The intercontinental power transmission grid could potentially be crippled by intense sun activity. Flare events send up big waves of charge particles that occasionally create a pulse in the electrical transmission lines, Fisher said. The result is a burn out, with power down for hours, maybe even days.
This happened in March, 1989 during a Quebec power outage which was caused by a geomagnetic storm which caused a the Hydro-Québec power failure which left 6 million people in the Canadian province of Quebec without power for 9 or more hours. A similar event happened in South Africa during the last solar cycle, he said.
Scientists are now looking at ways to study solar activity more closely and fine tune a way of predicting them so steps can be taken to perhaps alleviate any serious damage.

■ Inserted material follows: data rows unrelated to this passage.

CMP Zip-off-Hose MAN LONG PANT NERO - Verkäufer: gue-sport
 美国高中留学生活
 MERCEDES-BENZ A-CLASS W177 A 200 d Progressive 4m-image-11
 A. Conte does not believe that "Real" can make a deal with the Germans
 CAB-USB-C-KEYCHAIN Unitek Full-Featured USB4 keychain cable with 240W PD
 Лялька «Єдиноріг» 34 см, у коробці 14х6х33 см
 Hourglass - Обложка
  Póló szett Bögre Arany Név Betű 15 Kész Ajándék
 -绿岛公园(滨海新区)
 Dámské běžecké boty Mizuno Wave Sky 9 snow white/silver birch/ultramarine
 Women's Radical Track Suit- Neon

A Space Weather Enterprise Forum has been meeting for the past four years to examine the impact of space weather and look at possible ways to protect the public.
Already some sectors take steps to avoid any problems from solar storms. Fisher points to the commercial shipping and oil exploration business that often cease work or travel when the sun is active and the ionosphere is charging because of the fear that errors in their navigation systems will occur due to sun activity. And commercial airlines – which make about 10,000 transpolar flights a year – often choose to reroute planes away from the North Pole during active solar periods.
“We need to plan and understand the nature of the threat,” he said. “It’s a public policy issue.”
“We do have a societal infrastructure that extends up to space. We have satellite communications. We have GPS. When we have connections with space we’re into the realm of the sun. That’s the driver out there.”